Ofc. Mike Leonard-K9 Taylor 1
Ofc. Mike Leonard-K9 Taylor 3

On February 14, 2018, Nicolas Cruz, a former student at Marjory Stoneman Douglas High School in Parkland, walked into the Freshman Building on campus and shot 34 people, 17 of them fatally.

Many questions were asked in the aftermath. How do schools better protect students? Were metal detectors a possible answer? Canines have played a vital role in public safety for many years, could they fill the void? The City of Coconut Creek, and the Coconut Creek Police Department, took a visionary position in that canine discussion. The police department established a partnership with Vapor Wake K9, a one-of-a-kind canine training facility near Auburn University where dogs are trained to detect firearms using a unique, patented formula.

While most handlers are trained to lead their canines to where they want to search, Vapor Wake K9 literally flipped the script. Vapor Wake canines are trained to identify scents of a firearm, or firearm component, then lead their handlers to the source.
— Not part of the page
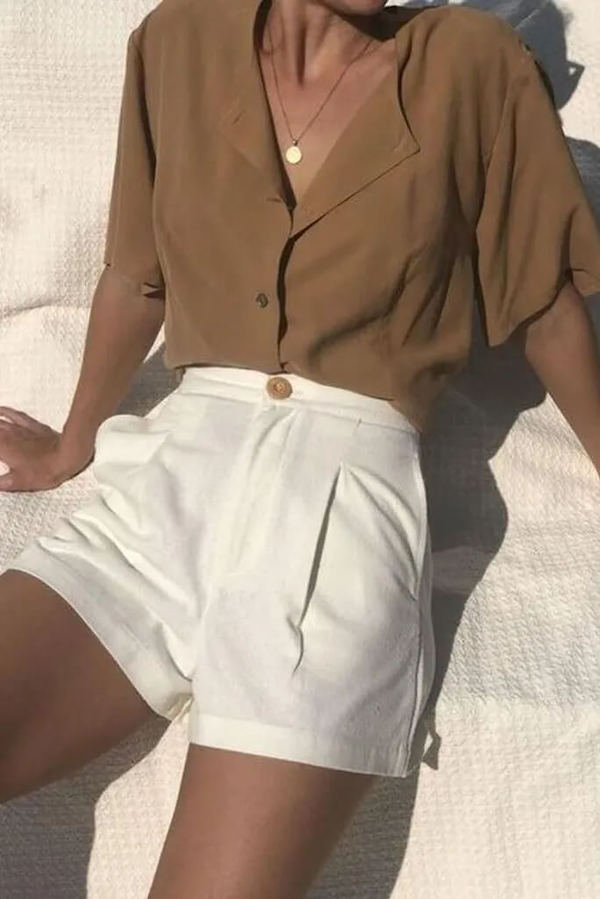linen shorts outfit beach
The canine alerts by passively sitting at the source.

Coconut Creek became the first police department in the country to implement a Vapor Wake canine as a School Safety Dog. Officer Michael Leonard, trained in Alabama for seven weeks with his new Vapor Wake partner, K9 Taylor. Officer Leonard and K9 Taylor mastered all facets of detecting firearms in everything from buildings, to crowds at an Auburn University football game. They graduated the program and took what they learned to schools in Coconut Creek.

Although there were challenges that had to be worked out with some members of the school board and its staff, the board voted to start a pilot program last February in four Coconut Creek schools. Officer Leonard and K9 Taylor would work at each of the schools in firearms detection.

K9 Taylor picked up the scent of every training decoy at each training session, following the scent to the source, who was placed at various locations throughout each school. Then, only a month into the pilot program, Officer Leonard noticed that K9 Taylor picked up the scent of a possible firearm, or firearm component, while inside one of the schools. She alerted on a bag left unattended in a hallway of the school, which belonged to substitute teacher. While no firearm was found, the substitute teacher said he recently carried a firearm in the bag and had taken it to a shooting range.

In April 2021, the school board indicated its support to give the remaining four schools in Coconut Creek the option of allowing Officer Leonard and K9 Taylor permission to work in their schools, affirming the success of this unique approach to firearm detection and school safety.